Sharon Dunn – The Greeley Tribune – January 13, 2017
Bobbie Burke looked out her front window in west Greeley on Wednesday morning and saw an almost unbelievable sight.
A drilling rig — in her neighborhood. Upon closer inspection, the rig towered 60 to 70 feet in the air in a resident’s front yard in the Highland Park West subdivision near 54th Avenue and 26th Street.
“It’s a little strange looking at this out your front window,” said Burke, who lives on 56th Avenue.
Aren’t there supposed to be rules against drilling in a neighborhood, she wondered? And in someone’s front yard?
She and others quickly grew angry.
But this rig is doing anything but drilling for oil. It’s there for one of the most unique circumstances oilman Craig Rasmuson has ever encountered.
Rasmuson, executive vice president of business development at Synergy Resources, is leading his crews to cap a well drilled in 1963 that never produced.
“This is an extremely unique situation to find a well that, lo and behold, was built over,” Rasmuson said. “It was just an open field back in 1963, and it had a house built on it in 1988, and it has had numerous owners. There’s no record of it in the title. I don’t know how that was missed.”
Synergy has plans to drill 20 wells in this area in the next year, a good $100 million investment.
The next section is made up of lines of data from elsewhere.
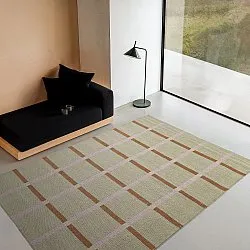 Tapete de lã - Gingham (no. 4)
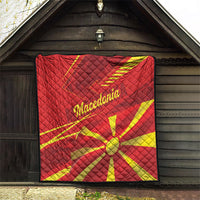 Macedonia Quilt Flag Color Inspired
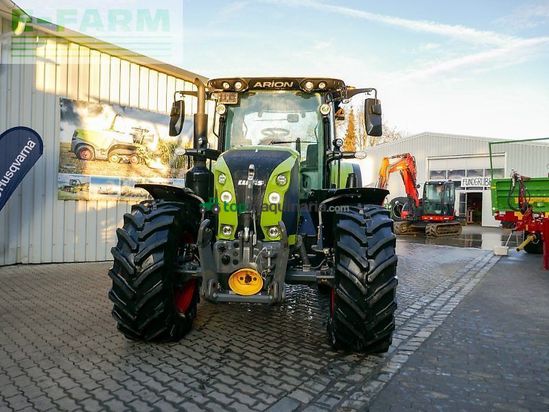 Tractor agrícola - Claas - arion 660 cmatic cebis CMATIC CEBIS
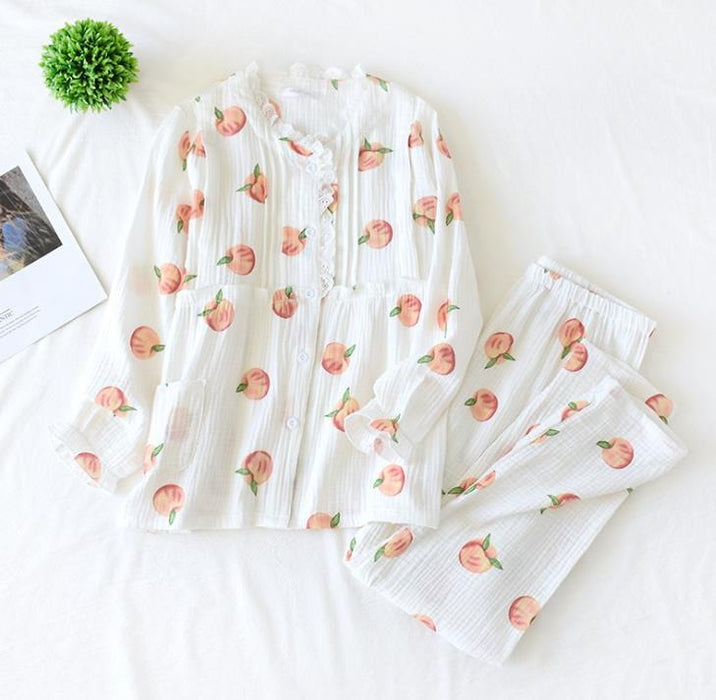 Cotton Pretty Sleepwear Pajamas For Women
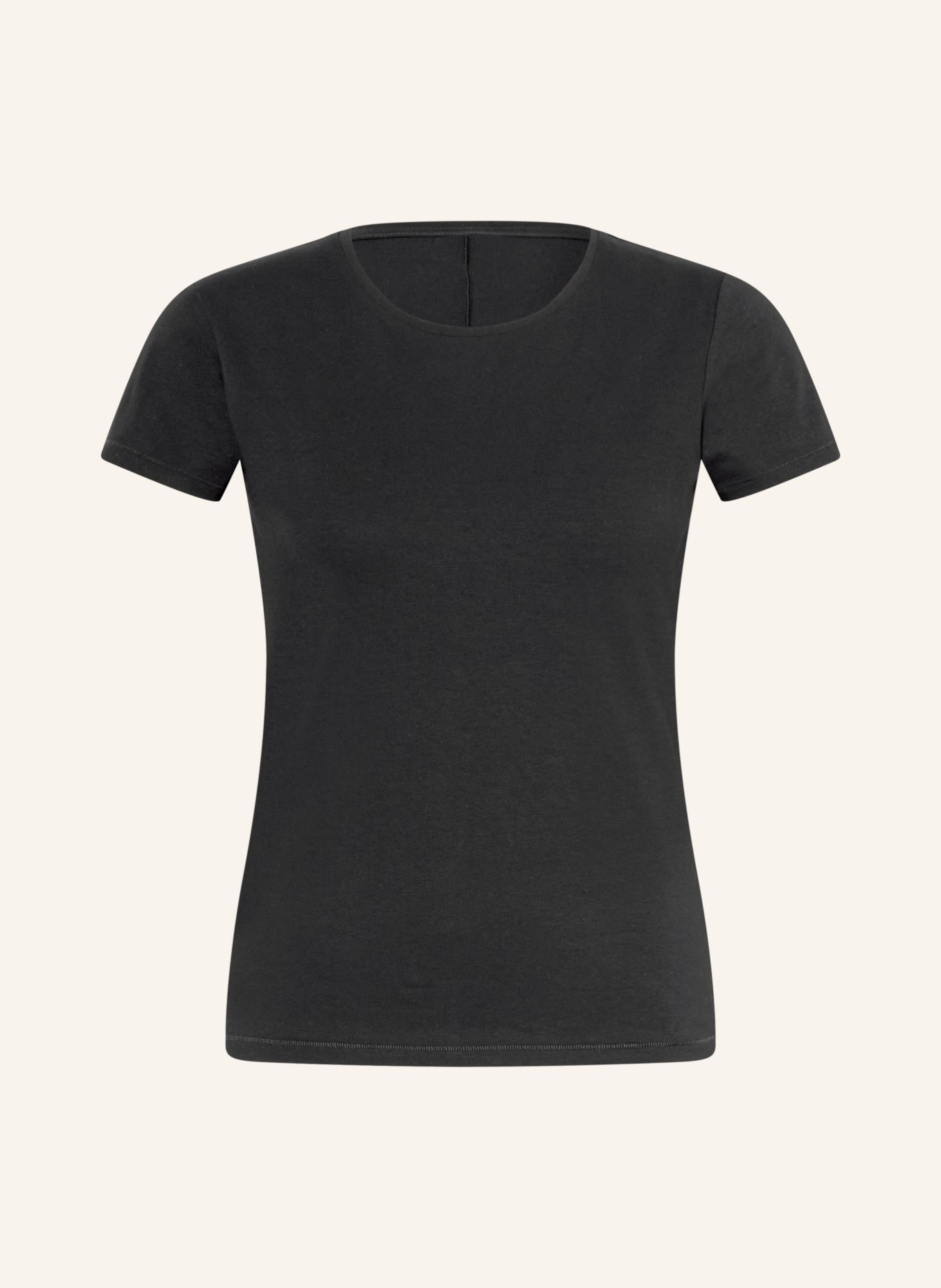 ARKET T-shirt: ZWART
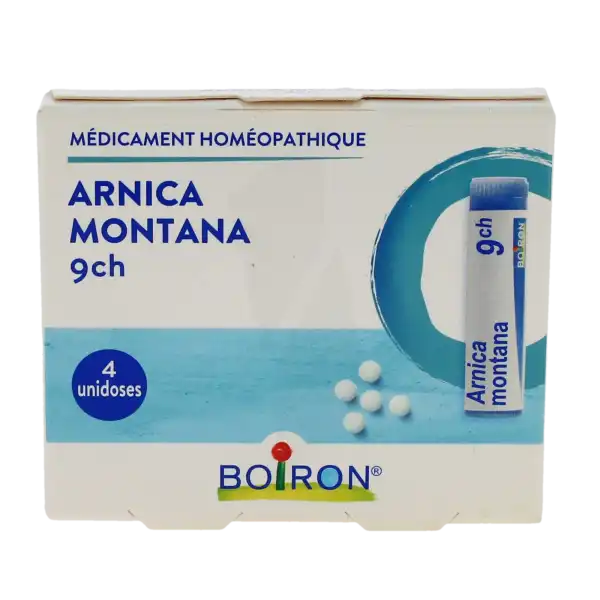 Boiron Arnica Montana 9ch 4doses Globules Dose De 1g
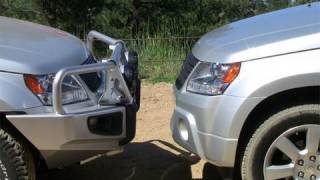 2010 Suzuki vs Suzuki Grand Vitara Challenge [upl. by Saphra859]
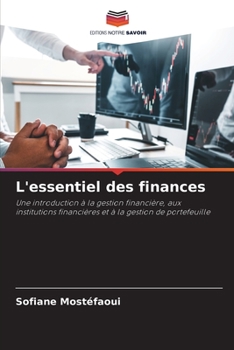 Paperback L'essentiel des finances [French] Book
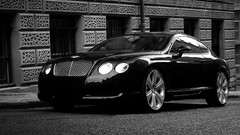 Black Bentley GTS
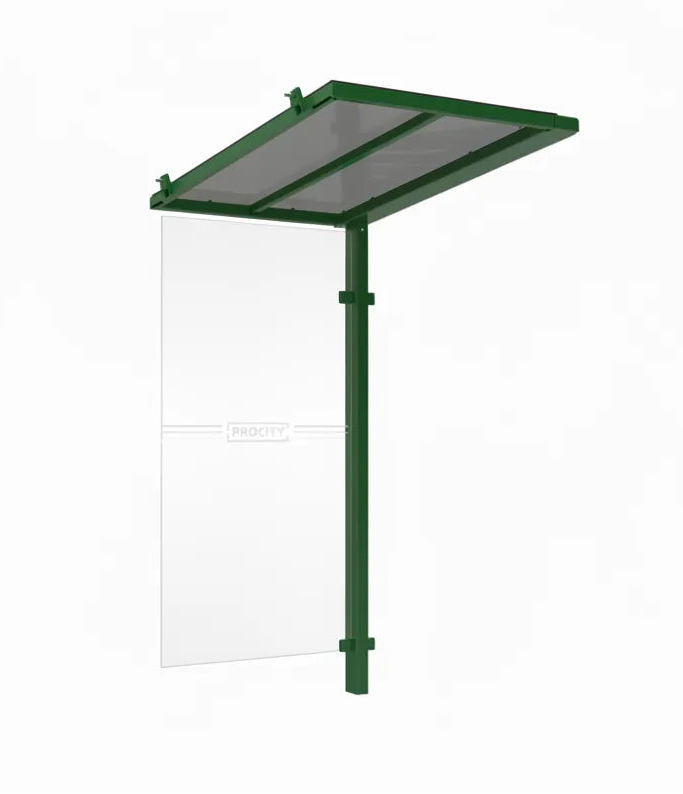 Extension par module intermédiaire pour abribus Conviviale® Procity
Its plans are to drill the wells as what the industry calls “long laterals,” meaning the company will stage drilling equipment up to 2.5 miles away from the site to meet required setbacks of at least 500 feet in a residential neighborhood.
This abandoned well would put a wrinkle in that plan if they didn’t do something.
“There is no risk to it sitting there as it was,” Rasmuson explained. “The concern is when we do future development in proximity of that old well, that could compromise it.”